A few months ago, I read an article that said the 4% rule was found to be obsolete, even by the person who came up with it. New withdrawal strategies were suggested, but at a 4.5% rate.Then again...we weren't in a full blown bear market yet nor facing down a recession. 
https://www.barrons.com/articles/th...he-says-it-now-could-be-up-to-4-5-51611410402
My withdrawal rate: 0%. Thank God I don't need to make withdrawals, especially during this time. I'd like to read the article you posted but it's late so I'll read it later on.


----------



## NorthernLight (Oct 19, 2022)

Good to know though. For when you win the lottery!


----------



## HoneyNut (Oct 19, 2022)

Paco Dennis said:


> With the new rule, you would be able to spend an inflation-adjusted amount of just $19,000 per year.
> And that’s assuming you have a $1 million retirement portfolio.


If I divide a million by 19k, it looks like the money would last over 50 years (I'll assume that is valid, that the stock market will at least keep up with inflation over time).  To what age are they expecting people to live?   Or are they trying to preserve the entire original million to leave to heirs?


----------



## Teacher Terry (Oct 19, 2022)

Some younger people such as Mr. Money Mustache are retiring in their 30’d and 40’s. They are high earners who are frugal, save a million and then live off the interest.


----------



## Buckeye (Oct 20, 2022)

I have never felt obligated to leave my son an inheritance.  So I say, let the good times roll....


----------



## C50 (Oct 20, 2022)

HoneyNut said:


> If I divide a million by 19k, it looks like the money would last over 50 years (I'll assume that is valid, that the stock market will at least keep up with inflation over time).  To what age are they expecting people to live?   Or are they trying to preserve the entire original million to leave to heirs?
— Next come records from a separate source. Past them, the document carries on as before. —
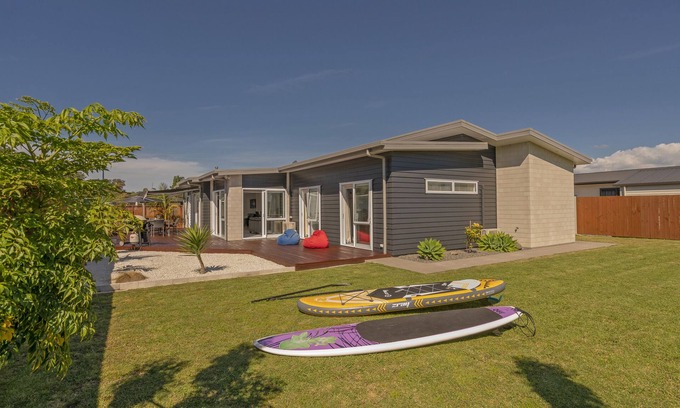 Whitianga Cottage | Modern Beach Pad - Whitianga Holiday Home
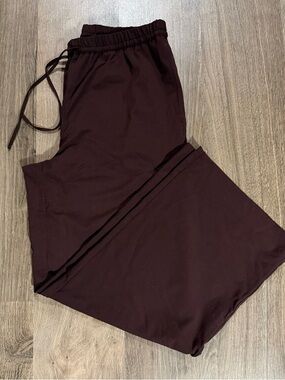 Reitmans Wide-Leg Drawstring Pants in Burgundy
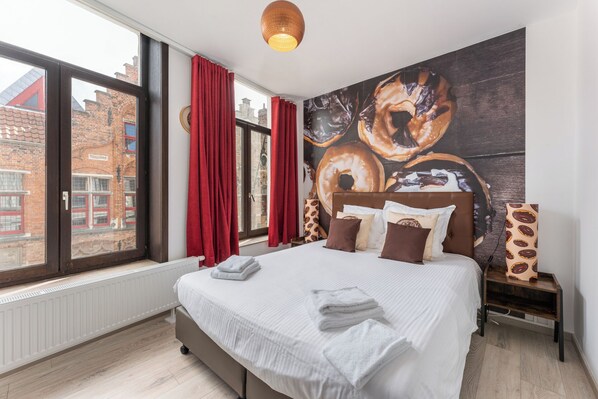 Habitación doble clásica | Cunas gratuitas, wifi gratis y ropa de cama 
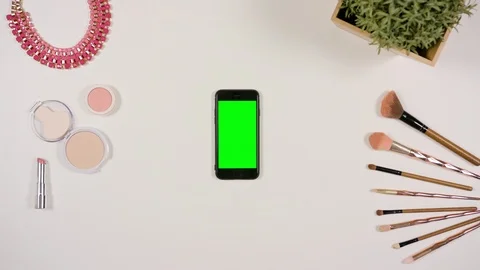 Finger Scrolling on Smartphone with Green Screen Stock Footage 85477682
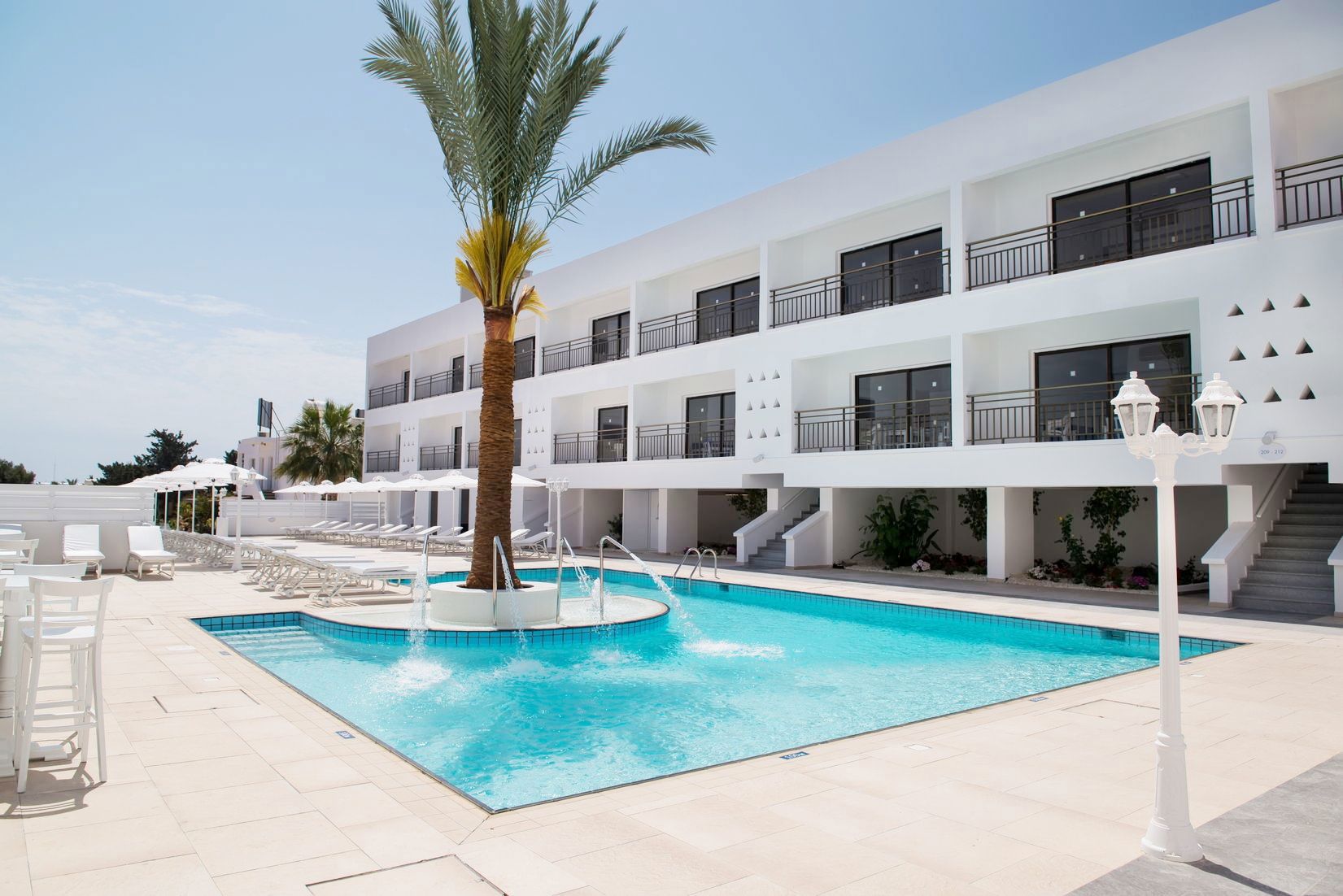 Liquid Hotel Apartments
That's a thought I have when reading financial comments for retired people.  I think investment institutions spread fear for their own profit.  Their goal is to keep as much money as possible in their accounts to maximize profits, so they convince the public never draw down your accounts or you will end up living in a box under the bridge.  It's all doom and gloom, worry, worry, don't spend a dollar.

Personally I don't care if my investments out pace inflation, I didn't bet my retirement on financial growth but on financial stability.  Do I want to pass on some wealth to my kids? Sure, but I planned so I can enjoy my retirement, not fund theirs, and certainly not to let investors use my money to pad their accounts.   I fully intend to spend down my accounts,  so in your face investment managers!


----------



## ElCastor (Oct 20, 2022)

C50 said:


> That's a thought I have when reading financial comments for retired people.  I think investment institutions spread fear for their own profit.  Their goal is to keep as much money as possible in their accounts to maximize profits, so they convince the public never draw down your accounts or you will end up living in a box under the bridge.  It's all doom and gloom, worry, worry, don't spend a dollar.


My wife and I retired at a relatively young age, use a money manager, and have NEVER ONCE heard your “doom and gloom, worry worry, living in a box under a bridge“. If you have a manager that engages in such a transparent scheme you might want to find another one.


----------



## David777 (Oct 20, 2022)

Have for years seen ads on media sites for these retirement financial advisors and one thing they all seem to state is large amounts of money required to live in their opinion a reasonable level of life.  Although they address that to the broad public, what they state supposedly "just to get by" is only true for wealthy that already have high expenses, not average Americans. They usually quote figures of average net worth in order to make readers think they have too little, a manipulative agenda for more customers.  But those numbers are heavily skewed by the ultra wealthy and anyone that owns real estate given recent decades predatory Wall Street manipulated appreciation.

https://www.businessinsider.com/personal-finance/average-american-net-worth

_While the average net worth is upward of $700,000, the median net worth tells a very different story. Calculated this way, the typical American family has a net worth of $121,700. The median, or middle value in a set of numbers, is less sensitive to outliers, so may be a more accurate representation of a typical family. The median shows a very different reality for Americans...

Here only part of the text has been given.